Here’s a foreign affairs quiz:

1. In the two years since the war in Afghanistan, opium production has:

(A) virtually been eliminated by Hamid Karzai’s government and American forces.

(B) declined 30 percent, but eradication is not expected until 2008.

(C) soared 19-fold and become the major source of the world’s heroin.

2. In Paktika and Zabul, two religiously conservative parts of Afghanistan, the number of children going to school:

(A) has quintupled, with most girls at least finishing third grade.

(B) has risen 40 percent, although few girls go to school.

(C) has plummeted as poor security has closed nearly all schools there.

The correct answer to both questions, alas, is (C).

With the White House finally acknowledging that the challenge in Iraq runs deeper than gloomy journalism, the talk of what to do next is sounding rather like Afghanistan. And that’s alarming, because we have flubbed the peace in Afghanistan even more egregiously than in Iraq.

“There is a palpable risk that Afghanistan will again turn into a failed state, this time in the hands of drug cartels and narco-terrorists,” Antonio Maria Costa, executive director of the United Nations Office on Drugs and Crime, writes in a grim new report on Afghanistan.

I strongly supported President Bush’s war in Afghanistan, and I was there in Kabul and saw firsthand the excitement and relief of ordinary Afghans, who were immensely grateful to the U.S. for freeing them (a crucial distinction between Iraq and Afghanistan, to anyone who covered both wars, is that you never saw the same adulation among Iraqis).
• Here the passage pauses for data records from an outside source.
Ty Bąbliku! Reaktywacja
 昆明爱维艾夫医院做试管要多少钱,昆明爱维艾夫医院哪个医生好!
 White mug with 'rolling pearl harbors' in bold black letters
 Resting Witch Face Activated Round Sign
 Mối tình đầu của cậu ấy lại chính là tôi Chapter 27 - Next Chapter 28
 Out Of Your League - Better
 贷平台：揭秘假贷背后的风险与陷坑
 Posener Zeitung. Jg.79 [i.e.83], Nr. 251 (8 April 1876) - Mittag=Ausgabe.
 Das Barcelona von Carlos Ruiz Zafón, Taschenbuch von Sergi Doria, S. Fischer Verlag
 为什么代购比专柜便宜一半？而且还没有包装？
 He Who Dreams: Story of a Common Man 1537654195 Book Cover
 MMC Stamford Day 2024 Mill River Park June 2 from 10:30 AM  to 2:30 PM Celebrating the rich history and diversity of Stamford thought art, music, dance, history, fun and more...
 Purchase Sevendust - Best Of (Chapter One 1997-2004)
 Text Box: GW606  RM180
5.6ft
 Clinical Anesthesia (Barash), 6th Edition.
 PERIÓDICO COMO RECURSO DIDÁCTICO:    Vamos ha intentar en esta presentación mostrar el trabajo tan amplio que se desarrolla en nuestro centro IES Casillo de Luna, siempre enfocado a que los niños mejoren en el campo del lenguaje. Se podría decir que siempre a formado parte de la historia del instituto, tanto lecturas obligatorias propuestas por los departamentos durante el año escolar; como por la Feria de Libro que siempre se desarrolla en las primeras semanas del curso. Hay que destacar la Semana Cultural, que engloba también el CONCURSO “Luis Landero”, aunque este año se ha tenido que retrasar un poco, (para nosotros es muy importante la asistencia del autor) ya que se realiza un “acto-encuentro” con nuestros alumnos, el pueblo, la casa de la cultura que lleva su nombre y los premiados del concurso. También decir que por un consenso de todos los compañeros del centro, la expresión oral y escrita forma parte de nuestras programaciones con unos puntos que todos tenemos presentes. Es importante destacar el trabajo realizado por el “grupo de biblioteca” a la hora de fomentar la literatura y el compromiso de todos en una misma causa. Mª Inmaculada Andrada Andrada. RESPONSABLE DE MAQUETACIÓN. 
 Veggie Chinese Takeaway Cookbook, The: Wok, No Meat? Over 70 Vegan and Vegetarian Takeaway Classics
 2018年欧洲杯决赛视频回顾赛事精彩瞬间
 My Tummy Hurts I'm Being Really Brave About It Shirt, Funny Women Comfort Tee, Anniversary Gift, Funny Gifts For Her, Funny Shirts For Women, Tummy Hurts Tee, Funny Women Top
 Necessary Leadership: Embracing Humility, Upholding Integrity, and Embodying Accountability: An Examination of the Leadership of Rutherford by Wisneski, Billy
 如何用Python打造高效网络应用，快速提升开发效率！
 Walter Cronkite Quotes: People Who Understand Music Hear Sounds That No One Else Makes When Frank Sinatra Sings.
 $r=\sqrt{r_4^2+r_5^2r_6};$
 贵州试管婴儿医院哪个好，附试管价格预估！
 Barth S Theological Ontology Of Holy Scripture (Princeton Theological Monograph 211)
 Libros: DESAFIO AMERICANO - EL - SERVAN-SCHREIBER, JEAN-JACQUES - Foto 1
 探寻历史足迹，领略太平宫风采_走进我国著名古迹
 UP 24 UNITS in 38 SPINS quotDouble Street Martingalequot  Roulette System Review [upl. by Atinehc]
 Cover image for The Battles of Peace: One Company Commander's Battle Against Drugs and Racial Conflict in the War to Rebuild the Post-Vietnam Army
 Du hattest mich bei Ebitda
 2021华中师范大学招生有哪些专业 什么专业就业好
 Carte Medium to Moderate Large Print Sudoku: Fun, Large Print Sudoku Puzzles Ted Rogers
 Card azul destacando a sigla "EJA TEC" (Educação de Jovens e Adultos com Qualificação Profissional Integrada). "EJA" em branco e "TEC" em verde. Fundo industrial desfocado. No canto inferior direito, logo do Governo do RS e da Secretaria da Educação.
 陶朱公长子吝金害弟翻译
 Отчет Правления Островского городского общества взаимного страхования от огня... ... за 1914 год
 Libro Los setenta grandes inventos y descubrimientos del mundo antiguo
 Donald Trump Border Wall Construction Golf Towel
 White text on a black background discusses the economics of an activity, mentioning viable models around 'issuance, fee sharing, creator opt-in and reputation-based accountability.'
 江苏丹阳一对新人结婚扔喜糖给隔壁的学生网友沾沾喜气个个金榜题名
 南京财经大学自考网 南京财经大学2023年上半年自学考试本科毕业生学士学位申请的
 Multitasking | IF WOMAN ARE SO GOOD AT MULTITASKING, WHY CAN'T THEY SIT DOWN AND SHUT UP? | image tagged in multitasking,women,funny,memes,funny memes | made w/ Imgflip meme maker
Mr. Bush oversaw a smart war in Afghanistan, and two years ago the crisp mountain air there pulsated with hope — along with pleas for more security.

One day back then when I was thinking of driving to the southeast, six Afghans arrived from there — minus their noses. Taliban guerrillas had stopped their vehicle at gunpoint and chopped off their noses because they had trimmed their beards. I stroked my chin, admired my own proboscis, and decided not to drive on that road. Every foreign and local official said then that Afghanistan desperately needed security on roads like that one. But the Pentagon made the same misjudgment about Afghanistan that it did about Iraq: it fatally underestimated the importance of ensuring security. The big winner was the Taliban, which is now mounting a resurgence.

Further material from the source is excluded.